Der Mann, der all diese Formen genau im Kopf und im Blick hat, ist Richard Allgaier aus Bad Waldsee. Ein echter Künstlertyp, mit vielen interessanten Erfahrungen, der eigentlich aus dem grafischen Bereich (vor allem Reisemalereien) kommt, sich aber vor vielen Jahren auch auf die Holzbildhauerei spezialisiert hat. „Einen Baum hat der Richard wohl noch nie umgesägt“, schmunzelt Fottner. Doch ansonsten genießt Allgaier, der immer wieder helfend eingreift und wertvolle Tipps gibt, allergrößten Respekt. „Es ist beeindruckend, welches Gespür für Formen er hat“, so Fottner. Allgaier wiederum ist auch sehr zufrieden mit den Teilnehmern. Die Ergebnisse seien in diesem Jahr besonders vielfältig gewesen, sagt er beim Abschied.
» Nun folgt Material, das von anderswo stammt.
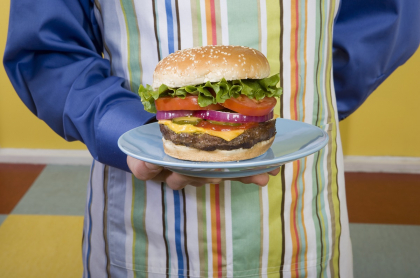 Hombre mostrando hamburguesa ilustra los errores comunes al hacer hamburguesas en casa, según el chef Juan Diego Vanegas.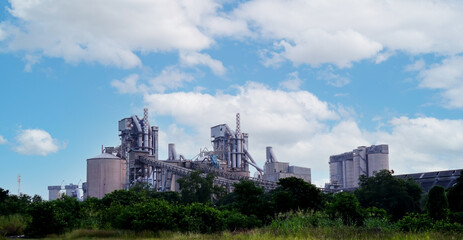 Obraz premium View of cement industrial factory with trees and cloudy sky background, Thailand. Environment conservation in business concept.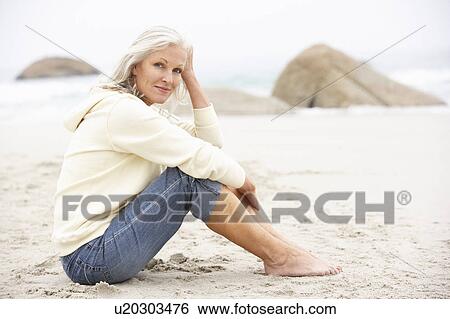 Stock Photograph - Senior Woman On Holiday Sitting On Winter Beach. Fotosearch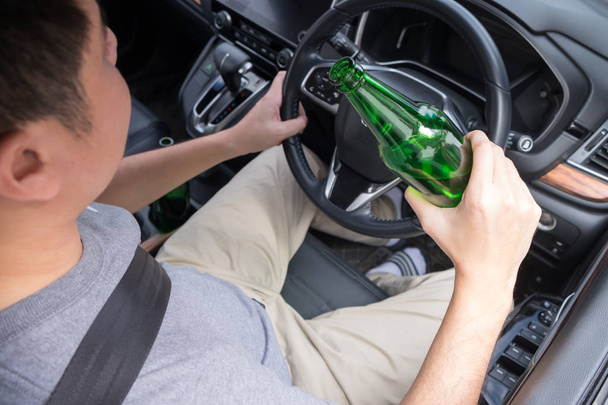 ドライブのコンセプトのために飲んではいけません, 若い酔っ男飲むボトル o - 写真・画像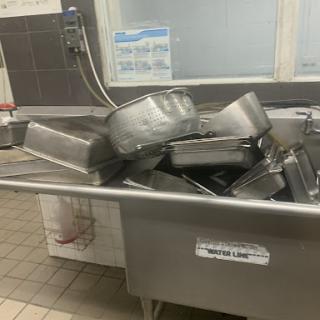 A stack of stainless steel serving trays piled in a commercial kitchen.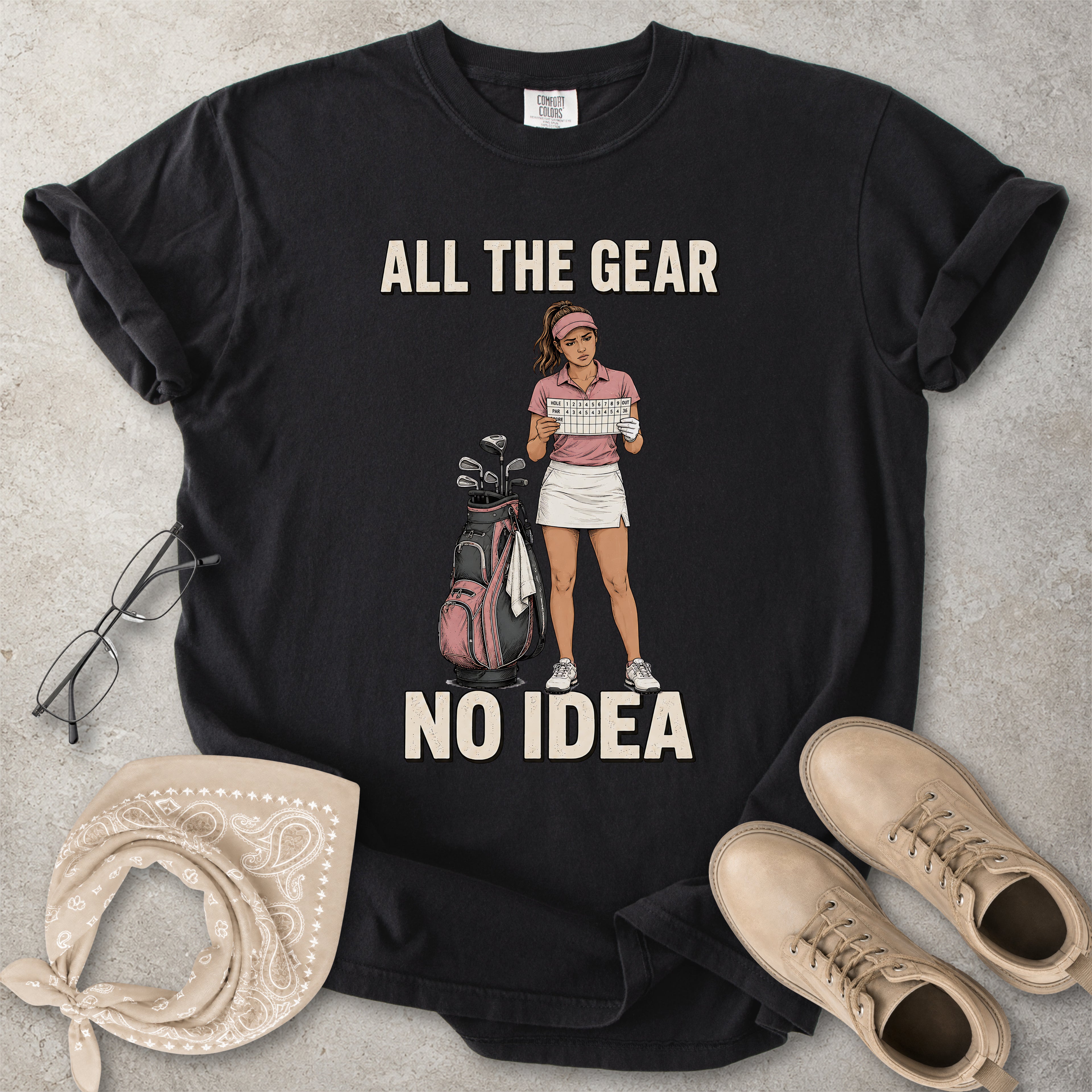 Black Comfort Colors 1717 T-shirt with a funny All the Gear No Idea golf graphic showing a woman golfer holding a scorecard beside a golf bag.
Idee eines eigenenSkulpturenparks

Eine Kunst für sich ist es dann übrigens auch, wie die Teilnehmer ihre Objekte in ihren Autos (oder Hängern) platzieren, damit irgendwann alles heil nach Hause kommt. Schade findet Andrea Koch Folgendes: Dass die meisten Objekte „verschwinden“, also für alle anderen nicht mehr einfach so sichtbar sind. „Es wäre schön, sie mal alle irgendwo gesammelt betrachten zu können“, überlegt die Gerolsbacherin. „In einer Art Skulpturenpark.“ Wer da eine Idee habe, könne sich ja gerne melden. In Klenau ist inzwischen wieder aufgeräumt. Doch es werden hier in Zukunft freilich weitere Holzskulpturen entstehen. An diesem kreativen Ort.